-------- Data --------
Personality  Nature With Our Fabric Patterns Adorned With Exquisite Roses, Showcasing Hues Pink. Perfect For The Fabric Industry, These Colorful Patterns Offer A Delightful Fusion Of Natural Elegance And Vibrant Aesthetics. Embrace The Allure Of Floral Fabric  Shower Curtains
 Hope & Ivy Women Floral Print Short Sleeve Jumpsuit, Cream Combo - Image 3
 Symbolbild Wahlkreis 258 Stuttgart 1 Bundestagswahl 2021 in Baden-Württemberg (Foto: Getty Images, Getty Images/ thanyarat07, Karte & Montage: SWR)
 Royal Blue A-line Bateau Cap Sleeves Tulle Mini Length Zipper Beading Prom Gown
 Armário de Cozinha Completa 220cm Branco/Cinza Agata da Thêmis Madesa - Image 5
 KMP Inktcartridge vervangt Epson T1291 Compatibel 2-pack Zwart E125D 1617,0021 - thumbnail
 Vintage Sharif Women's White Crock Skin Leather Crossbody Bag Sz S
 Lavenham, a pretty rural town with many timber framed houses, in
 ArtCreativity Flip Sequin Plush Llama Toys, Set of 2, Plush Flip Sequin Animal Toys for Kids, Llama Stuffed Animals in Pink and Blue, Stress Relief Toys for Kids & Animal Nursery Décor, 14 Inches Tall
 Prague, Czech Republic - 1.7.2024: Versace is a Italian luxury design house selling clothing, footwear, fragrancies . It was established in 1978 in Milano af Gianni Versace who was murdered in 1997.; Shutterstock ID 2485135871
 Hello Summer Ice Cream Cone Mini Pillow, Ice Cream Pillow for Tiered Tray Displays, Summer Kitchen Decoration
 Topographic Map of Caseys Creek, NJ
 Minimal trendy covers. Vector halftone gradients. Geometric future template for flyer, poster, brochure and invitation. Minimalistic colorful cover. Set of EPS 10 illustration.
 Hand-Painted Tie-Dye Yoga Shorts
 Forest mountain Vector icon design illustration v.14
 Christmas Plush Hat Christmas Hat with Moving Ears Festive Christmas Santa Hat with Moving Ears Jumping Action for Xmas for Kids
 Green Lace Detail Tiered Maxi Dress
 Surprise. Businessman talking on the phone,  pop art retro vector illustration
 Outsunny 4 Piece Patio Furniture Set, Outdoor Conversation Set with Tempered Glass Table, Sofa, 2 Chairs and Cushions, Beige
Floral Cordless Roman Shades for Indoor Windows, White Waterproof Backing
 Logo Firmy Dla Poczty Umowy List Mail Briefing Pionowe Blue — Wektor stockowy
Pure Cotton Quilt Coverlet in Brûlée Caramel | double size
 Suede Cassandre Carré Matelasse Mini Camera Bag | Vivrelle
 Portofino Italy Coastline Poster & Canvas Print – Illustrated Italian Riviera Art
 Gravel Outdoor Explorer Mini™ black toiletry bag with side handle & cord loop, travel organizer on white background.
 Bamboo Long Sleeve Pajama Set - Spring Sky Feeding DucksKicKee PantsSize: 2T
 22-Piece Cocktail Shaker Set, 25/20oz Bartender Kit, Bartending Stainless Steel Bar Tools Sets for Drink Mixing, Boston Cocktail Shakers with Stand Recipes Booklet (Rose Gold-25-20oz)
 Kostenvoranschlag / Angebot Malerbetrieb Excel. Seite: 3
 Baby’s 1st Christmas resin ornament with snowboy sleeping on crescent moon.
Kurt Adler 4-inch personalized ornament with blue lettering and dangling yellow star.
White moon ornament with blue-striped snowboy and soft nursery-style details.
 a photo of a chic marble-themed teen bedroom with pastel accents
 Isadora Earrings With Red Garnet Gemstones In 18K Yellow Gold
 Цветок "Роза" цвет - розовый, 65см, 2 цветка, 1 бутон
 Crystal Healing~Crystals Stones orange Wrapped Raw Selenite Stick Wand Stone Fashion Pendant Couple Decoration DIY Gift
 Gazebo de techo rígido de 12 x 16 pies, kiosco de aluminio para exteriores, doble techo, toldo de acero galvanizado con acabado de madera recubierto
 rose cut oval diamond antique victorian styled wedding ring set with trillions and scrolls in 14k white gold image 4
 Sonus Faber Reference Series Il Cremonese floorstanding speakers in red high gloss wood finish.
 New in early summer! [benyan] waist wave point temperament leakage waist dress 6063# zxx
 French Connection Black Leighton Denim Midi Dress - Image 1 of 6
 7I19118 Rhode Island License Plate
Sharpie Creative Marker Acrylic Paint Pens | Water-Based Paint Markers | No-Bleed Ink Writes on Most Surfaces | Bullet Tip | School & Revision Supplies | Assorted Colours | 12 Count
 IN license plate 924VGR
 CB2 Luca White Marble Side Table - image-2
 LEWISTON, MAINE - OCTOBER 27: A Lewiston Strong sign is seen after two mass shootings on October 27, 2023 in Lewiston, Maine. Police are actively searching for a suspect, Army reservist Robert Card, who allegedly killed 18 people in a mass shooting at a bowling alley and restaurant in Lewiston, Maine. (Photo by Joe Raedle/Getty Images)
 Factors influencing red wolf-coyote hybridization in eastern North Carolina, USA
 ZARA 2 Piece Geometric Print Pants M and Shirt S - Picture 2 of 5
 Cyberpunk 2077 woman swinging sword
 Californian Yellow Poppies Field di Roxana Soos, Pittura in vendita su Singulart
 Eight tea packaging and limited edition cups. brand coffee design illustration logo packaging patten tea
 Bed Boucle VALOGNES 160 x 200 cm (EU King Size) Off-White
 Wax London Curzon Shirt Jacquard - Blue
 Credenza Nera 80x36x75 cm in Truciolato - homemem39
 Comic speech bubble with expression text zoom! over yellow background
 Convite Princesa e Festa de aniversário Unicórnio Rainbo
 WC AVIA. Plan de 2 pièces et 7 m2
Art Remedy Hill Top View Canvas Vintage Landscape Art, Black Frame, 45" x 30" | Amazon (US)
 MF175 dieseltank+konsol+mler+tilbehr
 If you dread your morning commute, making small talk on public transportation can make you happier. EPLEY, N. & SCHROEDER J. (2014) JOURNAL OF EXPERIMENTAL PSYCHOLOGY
--------
Problem statement: Take from the material every line that holds "Decoration".

Solution for this task:
 Hello Summer Ice Cream Cone Mini Pillow, Ice Cream Pillow for Tiered Tray Displays, Summer Kitchen Decoration
 Crystal Healing~Crystals Stones orange Wrapped Raw Selenite Stick Wand Stone Fashion Pendant Couple Decoration DIY Gift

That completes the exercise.